There were no provisions in the plans and specifications as to the details of the operations in excavating the ditches or doing any of the work to be done. The plans and specifications merely designated the work to be done and the amount of material that it was necessary to remove. The ditch through the lands of plaintiffs varies in depth from 12 to 18 feet and was to be constructed with a bottom 40 feet in width. Where the construction was through rock, the sides were to be sloped at the ratio of three inches horizontal to each foot rise. Through all other materials the sides were to be sloped at the ratio of six inches horizontal to each foot vertical rise. It will thus be seen that even through the earth formation the sides of the ditch were to be left at a very steep slope. An engineer called on behalf of plaintiffs testified that in earth excavation this was not a proper slope, but that the slope should be at least one foot horizontal to each foot vertical rise. The soil through al*370most all the lands of plaintiffs consisted of about five feet of black loam, underneath which was quicksand and gravel. During the progress of the work the banks caved in at various times, until when completed the ditch was fully twice the width the specifications called for. This earth which caved in the construction company was compelled to remove and place on the spoil-banks. It is apparent from the testimony that while the ditch was being constructed and the dam maintained below the Aschenbrenner tract, sand and silt were washed down the ditch and deposited along the plaintiffs’ lands, particularly along the Aschenbrenner tract. This also was dredged out, and it "was this extra material, caused by the caving in of the banks and the washing down of sand and silt, that spread over the lands of plaintiffs and caused the greater part of the damage. There Was some rock formation along the Aschenbrenner tract, and it appears that although the sides of the spoil-banks were as steep as they could be built, this material also extended beyond the additional right of way obtained by the district.

While the defendant relies upon the rule that the contractee is not liable for an injury which results from the wrong or negligent manner in which work is done by an independent contractor, it concedes that there are a number of exceptions to this rule, and that one of them is, that where the injury is due to the contractee’s defective plans or methods pursuant to which the work was done, such methods being furnished and directed by the contractee, the contractee is liable. In attempting to show that this case does not come within that exception it contends that the damage complained of resulted from the method of doing the work by the contractor; that sufficient right of way was furnished the contractor, and that proper and sufficient plans for the construction of the work without injury to others were provided by a competent engineer. While the testimony is somewhat conflicting as to whether these plans and specifications were proper where the excavation was *371to be made through earth, there is convincing proof in the record that in excavating through such material as was found along this ditch, with the slope of the sides of the ditch as specified, there was great danger and probability that the sides of the ditch would cave in,—and this especially when the enormous weight of the spoil-banks and the action of the water on the banks or sides of the ditch are taken into consideration. The court was' justified in entering judgments against the defendant upon the ground that the work was done in accordance with the plans and specifications and that such plans and specifications were defective in not making allowance for the probability of the caving in of the banks of the ditch and the deposit of silt and sand in the bottom during the progress of its construction.

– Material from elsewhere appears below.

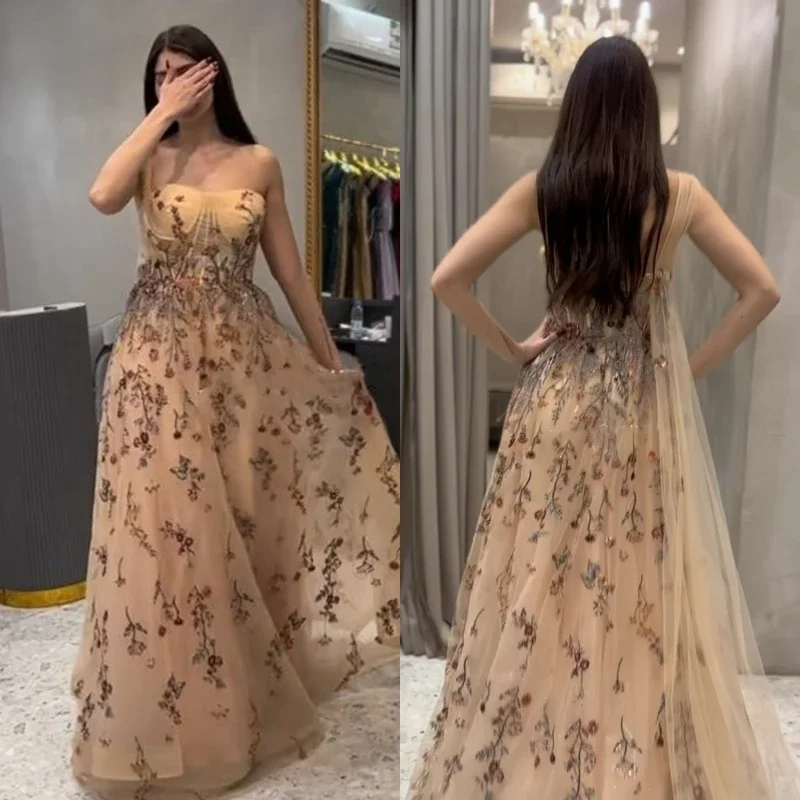 Customized Jiayigong Tulle Applique Draped Cocktail Party A-line Strapless Bespoke Occasion Gown Long Dresses
Customized Jiayigong Tulle Applique Draped Cocktail Party A-line Strapless Bespoke Occasion Gown Long Dresses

The engineer for the defendant testified that it was necessary to construct dams in the ditch in order to. float the dredges. It certainly was not contemplated by the defendant that the construction company .would construct these ditches without the use of dredge-boats. If it was necessary to construct these dams in order to float the dredges, the defendant certainly cannot complain that dams were constructed by the contractor or charge it with negligence because they were constructed. The engineer for the defendant further testified that as the work progressed he and the commissioners considered, on the whole, that it was being done in a skillful, workmanlike and scientific manner by the construction company.

The defendant is liable, and the court committed no error in refusing the propositions of law submitted and in entering judgment against it.

The judgments of the circuit court are affirmed.

Judgments affirmed.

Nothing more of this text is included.